4

In reading through the source to fff to learn more about Bash programming, I saw a timeout option passed to read as an array here:

read "${read_flags[@]}" -srn 1 && key "$REPLY"

The value of read_flags is set like this:

read_flags=(-t 0.05)

(The resulting read invocation intended is therefore read -t 0.05 -srn 1).

I can't quite figure out why a string could not have been used, i.e.:

read_flags="-t 0.05"
read "$read_flags" -srn 1 && key "$REPLY"

This string based approach results in an "invalid timeout specification".

Investigating, I came up with a test script parmtest:

show() {
  for i in "$@"; do printf '[%s]' "$i"; done
  printf '\n'
}

opt_string="-t 1" opt_array=(-t 1)

echo 'Using string-based option...' show string "$opt_string" x y z read "$opt_string" echo echo 'Using array-based option...' show array "${opt_array[@]}" x y z read "${opt_array[@]}"

Running this, with bash parmtest ($BASH_VERSION is 5.1.4(1)-release), gives:

Using string-based option...
[string][-t 1][x][y][z]
parmtest: line 11: read:  1: invalid timeout specification

Using array-based option... [array][-t][1][x][y][z] (1 second delay...)

I can see from the debug output that the value of 1 in the array based approach is separate and without whitespace. I can also see from the error message that there's an extra space before the 1: read: 1: invalid timeout specification.

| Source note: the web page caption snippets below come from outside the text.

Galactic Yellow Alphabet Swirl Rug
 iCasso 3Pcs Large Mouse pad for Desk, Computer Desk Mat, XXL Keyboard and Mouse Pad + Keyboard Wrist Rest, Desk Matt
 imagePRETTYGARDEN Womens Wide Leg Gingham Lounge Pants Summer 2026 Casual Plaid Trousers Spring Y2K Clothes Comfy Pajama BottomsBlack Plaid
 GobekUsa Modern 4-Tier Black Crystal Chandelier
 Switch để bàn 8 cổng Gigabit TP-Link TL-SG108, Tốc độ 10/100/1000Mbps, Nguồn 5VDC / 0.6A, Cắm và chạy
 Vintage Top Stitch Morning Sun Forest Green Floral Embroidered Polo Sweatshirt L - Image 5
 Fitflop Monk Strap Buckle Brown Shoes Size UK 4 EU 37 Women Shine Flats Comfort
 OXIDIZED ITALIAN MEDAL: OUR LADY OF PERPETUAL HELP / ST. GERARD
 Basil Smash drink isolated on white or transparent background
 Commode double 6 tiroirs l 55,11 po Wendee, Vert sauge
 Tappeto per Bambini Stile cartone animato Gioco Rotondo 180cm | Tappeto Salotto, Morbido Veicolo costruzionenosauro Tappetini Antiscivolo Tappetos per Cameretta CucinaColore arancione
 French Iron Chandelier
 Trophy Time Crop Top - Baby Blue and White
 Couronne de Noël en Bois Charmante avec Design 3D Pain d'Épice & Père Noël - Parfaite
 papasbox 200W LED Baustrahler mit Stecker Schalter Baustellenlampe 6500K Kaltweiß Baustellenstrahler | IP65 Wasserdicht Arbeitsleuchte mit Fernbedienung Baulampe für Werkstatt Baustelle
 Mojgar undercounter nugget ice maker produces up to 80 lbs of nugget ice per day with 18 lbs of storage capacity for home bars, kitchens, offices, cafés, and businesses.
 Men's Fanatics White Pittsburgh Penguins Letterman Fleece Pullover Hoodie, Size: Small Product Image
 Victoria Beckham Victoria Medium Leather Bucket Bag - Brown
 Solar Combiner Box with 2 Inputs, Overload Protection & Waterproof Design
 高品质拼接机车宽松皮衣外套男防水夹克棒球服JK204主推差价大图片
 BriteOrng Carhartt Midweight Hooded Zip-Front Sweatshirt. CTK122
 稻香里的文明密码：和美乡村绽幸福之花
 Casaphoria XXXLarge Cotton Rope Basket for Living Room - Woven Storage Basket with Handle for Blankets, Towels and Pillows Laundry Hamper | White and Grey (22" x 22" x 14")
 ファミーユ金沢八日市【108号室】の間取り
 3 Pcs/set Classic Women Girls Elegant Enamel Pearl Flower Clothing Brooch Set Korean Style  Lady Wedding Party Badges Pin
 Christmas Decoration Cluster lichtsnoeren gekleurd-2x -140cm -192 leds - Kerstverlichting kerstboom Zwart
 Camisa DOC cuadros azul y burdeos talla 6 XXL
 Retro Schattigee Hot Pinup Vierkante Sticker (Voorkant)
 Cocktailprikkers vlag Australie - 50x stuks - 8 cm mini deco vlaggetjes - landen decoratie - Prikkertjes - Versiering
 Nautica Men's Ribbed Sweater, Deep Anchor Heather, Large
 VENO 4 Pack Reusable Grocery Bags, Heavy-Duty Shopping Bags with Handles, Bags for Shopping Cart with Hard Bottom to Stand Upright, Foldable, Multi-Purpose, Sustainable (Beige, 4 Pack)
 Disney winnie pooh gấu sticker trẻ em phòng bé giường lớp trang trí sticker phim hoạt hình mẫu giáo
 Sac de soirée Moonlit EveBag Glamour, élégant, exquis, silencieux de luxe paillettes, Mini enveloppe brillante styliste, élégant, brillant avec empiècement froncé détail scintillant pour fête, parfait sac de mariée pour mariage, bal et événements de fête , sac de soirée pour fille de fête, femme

My suspicions are in that area.

The strange thing is that if I use this approach with another command, e.g. date, the problem doesn't exist:

show() {
  for i in "$@"; do printf '[%s]' "$i"; done
  printf '\n'
}

opt_string="-d 1" opt_array=(-d 1)

echo 'Using string-based option...' show string "$opt_string" x y z date "$opt_string" echo echo 'Using array-based option...' show array "${opt_array[@]}" x y z date "${opt_array[@]}"

(The only differences are the opt_string and opt_array now specify -d not -t and I'm calling date not read in each case).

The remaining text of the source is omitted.